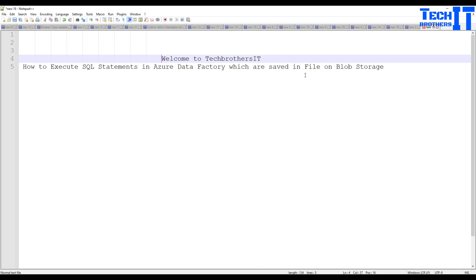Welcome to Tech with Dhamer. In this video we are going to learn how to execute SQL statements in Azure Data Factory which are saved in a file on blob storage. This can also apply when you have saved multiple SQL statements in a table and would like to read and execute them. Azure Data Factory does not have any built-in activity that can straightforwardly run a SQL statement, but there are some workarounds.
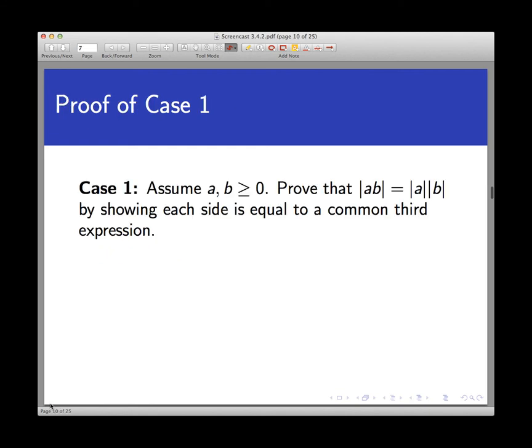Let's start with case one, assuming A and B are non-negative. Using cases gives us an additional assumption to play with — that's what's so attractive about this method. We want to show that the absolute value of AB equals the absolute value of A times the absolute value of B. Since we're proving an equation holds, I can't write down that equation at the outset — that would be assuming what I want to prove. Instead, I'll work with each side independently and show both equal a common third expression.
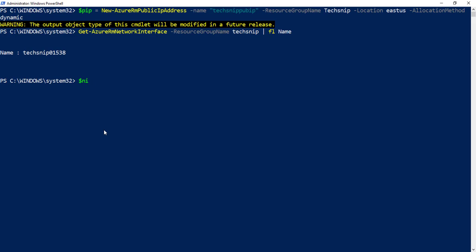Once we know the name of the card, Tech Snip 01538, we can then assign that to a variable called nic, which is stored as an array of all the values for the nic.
**********
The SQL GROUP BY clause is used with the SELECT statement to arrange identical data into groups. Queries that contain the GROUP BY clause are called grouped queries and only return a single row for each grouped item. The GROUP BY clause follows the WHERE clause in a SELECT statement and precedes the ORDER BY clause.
**********
The answer is those lines of the material above that run from the one containing "Welcome to Tech" up to and including the one containing "Once we know", restated exactly and without images.

Welcome to Tech with Dhamer. In this video we are going to learn how to execute SQL statements in Azure Data Factory which are saved in a file on blob storage. This can also apply when you have saved multiple SQL statements in a table and would like to read and execute them. Azure Data Factory does not have any built-in activity that can straightforwardly run a SQL statement, but there are some workarounds.
Let's start with case one, assuming A and B are non-negative. Using cases gives us an additional assumption to play with — that's what's so attractive about this method. We want to show that the absolute value of AB equals the absolute value of A times the absolute value of B. Since we're proving an equation holds, I can't write down that equation at the outset — that would be assuming what I want to prove. Instead, I'll work with each side independently and show both equal a common third expression.
Once we know the name of the card, Tech Snip 01538, we can then assign that to a variable called nic, which is stored as an array of all the values for the nic.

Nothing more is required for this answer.